• **THE TASK**
Of all the lines in the entries below, give again exactly those starting at the line containing "36 Bennetts Hl, Birmingham" and ending at the line containing "AK Schauspieler Harry", both ends included, and no others.
-*-*-
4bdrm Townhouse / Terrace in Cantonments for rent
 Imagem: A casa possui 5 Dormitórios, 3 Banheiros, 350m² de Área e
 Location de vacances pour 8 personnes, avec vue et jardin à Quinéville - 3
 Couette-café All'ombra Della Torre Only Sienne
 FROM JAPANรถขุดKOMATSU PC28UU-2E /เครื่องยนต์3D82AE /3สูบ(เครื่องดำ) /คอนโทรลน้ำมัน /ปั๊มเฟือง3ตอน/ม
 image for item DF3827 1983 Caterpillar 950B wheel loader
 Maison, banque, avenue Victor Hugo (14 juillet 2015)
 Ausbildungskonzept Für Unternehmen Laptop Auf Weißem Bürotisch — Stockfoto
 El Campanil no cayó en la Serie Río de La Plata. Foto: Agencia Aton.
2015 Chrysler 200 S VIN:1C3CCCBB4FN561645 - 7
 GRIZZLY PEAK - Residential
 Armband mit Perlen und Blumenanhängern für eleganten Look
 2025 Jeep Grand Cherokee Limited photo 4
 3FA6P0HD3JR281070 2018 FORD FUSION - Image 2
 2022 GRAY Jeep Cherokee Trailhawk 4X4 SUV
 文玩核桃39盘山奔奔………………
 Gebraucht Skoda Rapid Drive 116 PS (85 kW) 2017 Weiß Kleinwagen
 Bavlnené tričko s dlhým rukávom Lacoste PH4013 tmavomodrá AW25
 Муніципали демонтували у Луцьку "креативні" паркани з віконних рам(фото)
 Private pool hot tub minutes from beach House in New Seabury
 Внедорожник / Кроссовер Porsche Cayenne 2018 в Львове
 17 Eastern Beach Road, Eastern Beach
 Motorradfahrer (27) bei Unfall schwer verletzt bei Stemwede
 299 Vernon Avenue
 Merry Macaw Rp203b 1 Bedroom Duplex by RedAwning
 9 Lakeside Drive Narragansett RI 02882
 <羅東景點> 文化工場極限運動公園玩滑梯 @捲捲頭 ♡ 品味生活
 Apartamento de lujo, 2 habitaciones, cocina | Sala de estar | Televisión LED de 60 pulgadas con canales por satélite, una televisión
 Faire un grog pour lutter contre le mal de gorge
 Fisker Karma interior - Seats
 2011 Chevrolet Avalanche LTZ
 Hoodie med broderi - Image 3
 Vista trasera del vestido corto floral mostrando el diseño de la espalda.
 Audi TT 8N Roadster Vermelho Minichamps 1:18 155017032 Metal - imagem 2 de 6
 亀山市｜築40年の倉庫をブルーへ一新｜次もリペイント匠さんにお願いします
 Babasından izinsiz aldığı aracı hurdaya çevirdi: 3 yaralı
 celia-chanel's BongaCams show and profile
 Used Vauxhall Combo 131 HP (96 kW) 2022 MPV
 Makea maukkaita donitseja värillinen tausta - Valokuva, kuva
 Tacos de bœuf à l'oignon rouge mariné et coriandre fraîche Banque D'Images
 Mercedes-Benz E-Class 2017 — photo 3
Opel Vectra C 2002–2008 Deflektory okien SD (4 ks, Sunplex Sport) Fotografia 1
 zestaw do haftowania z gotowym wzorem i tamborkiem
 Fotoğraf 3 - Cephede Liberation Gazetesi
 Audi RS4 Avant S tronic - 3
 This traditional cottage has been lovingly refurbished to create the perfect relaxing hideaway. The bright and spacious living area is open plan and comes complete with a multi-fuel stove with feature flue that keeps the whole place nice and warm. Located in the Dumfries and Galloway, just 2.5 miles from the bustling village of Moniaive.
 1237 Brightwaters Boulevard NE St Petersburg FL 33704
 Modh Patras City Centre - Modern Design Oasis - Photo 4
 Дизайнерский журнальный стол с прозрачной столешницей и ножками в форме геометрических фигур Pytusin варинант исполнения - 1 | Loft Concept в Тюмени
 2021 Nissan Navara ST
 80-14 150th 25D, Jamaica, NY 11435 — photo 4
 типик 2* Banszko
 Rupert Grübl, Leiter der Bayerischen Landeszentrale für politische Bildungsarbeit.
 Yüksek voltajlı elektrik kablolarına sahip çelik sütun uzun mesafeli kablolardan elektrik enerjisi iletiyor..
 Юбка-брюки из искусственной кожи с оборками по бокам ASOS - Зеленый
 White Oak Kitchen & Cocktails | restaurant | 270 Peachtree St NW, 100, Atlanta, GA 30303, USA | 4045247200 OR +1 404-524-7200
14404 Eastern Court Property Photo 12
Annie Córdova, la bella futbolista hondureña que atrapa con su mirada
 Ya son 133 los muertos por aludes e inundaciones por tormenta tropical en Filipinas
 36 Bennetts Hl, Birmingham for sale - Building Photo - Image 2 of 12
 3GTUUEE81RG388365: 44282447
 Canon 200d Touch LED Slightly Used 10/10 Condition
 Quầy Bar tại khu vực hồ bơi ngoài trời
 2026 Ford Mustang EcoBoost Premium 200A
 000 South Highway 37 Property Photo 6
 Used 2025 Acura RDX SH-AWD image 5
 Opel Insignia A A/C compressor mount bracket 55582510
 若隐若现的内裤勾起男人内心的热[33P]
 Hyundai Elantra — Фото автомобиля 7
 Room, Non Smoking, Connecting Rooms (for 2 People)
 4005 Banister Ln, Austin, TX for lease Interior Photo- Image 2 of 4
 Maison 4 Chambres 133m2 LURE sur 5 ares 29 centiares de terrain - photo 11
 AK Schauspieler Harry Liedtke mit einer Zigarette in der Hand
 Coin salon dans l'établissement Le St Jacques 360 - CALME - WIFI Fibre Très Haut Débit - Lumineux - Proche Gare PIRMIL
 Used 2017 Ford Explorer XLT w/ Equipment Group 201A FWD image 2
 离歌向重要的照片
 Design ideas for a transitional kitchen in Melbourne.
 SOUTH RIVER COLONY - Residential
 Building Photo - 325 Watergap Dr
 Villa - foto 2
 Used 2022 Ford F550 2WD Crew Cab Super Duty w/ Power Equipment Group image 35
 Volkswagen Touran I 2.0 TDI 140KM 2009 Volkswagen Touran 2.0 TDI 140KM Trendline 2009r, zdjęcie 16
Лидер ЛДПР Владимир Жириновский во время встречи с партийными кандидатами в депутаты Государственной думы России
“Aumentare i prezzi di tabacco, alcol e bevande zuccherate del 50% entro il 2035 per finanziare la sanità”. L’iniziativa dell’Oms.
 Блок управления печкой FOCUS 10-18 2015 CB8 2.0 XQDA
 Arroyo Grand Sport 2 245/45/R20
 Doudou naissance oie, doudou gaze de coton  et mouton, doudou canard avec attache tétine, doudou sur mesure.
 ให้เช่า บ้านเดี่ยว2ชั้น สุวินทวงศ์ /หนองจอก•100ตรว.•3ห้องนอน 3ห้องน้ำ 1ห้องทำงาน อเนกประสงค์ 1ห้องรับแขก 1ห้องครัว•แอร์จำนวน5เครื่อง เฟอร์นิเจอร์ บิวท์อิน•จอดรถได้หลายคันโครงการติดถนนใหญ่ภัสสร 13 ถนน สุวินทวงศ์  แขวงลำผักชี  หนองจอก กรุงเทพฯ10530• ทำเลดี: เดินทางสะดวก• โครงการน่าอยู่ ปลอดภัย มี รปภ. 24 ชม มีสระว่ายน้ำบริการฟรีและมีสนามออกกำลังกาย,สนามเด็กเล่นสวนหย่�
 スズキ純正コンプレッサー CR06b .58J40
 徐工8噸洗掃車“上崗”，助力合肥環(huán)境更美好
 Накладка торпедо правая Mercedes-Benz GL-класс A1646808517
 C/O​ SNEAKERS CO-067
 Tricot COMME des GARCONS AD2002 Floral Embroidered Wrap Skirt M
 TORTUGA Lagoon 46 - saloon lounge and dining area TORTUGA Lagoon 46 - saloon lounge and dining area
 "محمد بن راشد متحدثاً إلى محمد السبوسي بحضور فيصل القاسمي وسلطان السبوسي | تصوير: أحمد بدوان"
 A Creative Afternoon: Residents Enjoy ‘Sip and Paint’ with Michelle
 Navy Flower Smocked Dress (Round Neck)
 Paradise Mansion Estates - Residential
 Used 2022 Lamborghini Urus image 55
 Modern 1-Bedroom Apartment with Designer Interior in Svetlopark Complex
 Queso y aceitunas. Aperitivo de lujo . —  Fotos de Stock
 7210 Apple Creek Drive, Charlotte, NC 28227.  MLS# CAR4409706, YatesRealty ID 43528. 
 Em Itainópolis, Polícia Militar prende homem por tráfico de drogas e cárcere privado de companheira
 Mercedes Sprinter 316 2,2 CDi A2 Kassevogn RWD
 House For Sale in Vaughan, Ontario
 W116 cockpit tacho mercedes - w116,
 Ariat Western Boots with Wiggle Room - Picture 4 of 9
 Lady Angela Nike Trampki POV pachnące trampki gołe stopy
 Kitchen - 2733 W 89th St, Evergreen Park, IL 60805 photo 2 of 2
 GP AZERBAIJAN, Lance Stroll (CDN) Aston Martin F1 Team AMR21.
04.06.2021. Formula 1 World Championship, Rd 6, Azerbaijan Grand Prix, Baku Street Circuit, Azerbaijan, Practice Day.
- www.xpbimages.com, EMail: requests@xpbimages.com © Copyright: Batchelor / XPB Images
-*-*-
• **SOLUTION FOR THIS TASK**
 36 Bennetts Hl, Birmingham for sale - Building Photo - Image 2 of 12
 3GTUUEE81RG388365: 44282447
 Canon 200d Touch LED Slightly Used 10/10 Condition
 Quầy Bar tại khu vực hồ bơi ngoài trời
 2026 Ford Mustang EcoBoost Premium 200A
 000 South Highway 37 Property Photo 6
 Used 2025 Acura RDX SH-AWD image 5
 Opel Insignia A A/C compressor mount bracket 55582510
 若隐若现的内裤勾起男人内心的热[33P]
 Hyundai Elantra — Фото автомобиля 7
 Room, Non Smoking, Connecting Rooms (for 2 People)
 4005 Banister Ln, Austin, TX for lease Interior Photo- Image 2 of 4
 Maison 4 Chambres 133m2 LURE sur 5 ares 29 centiares de terrain - photo 11
 AK Schauspieler Harry Liedtke mit einer Zigarette in der Hand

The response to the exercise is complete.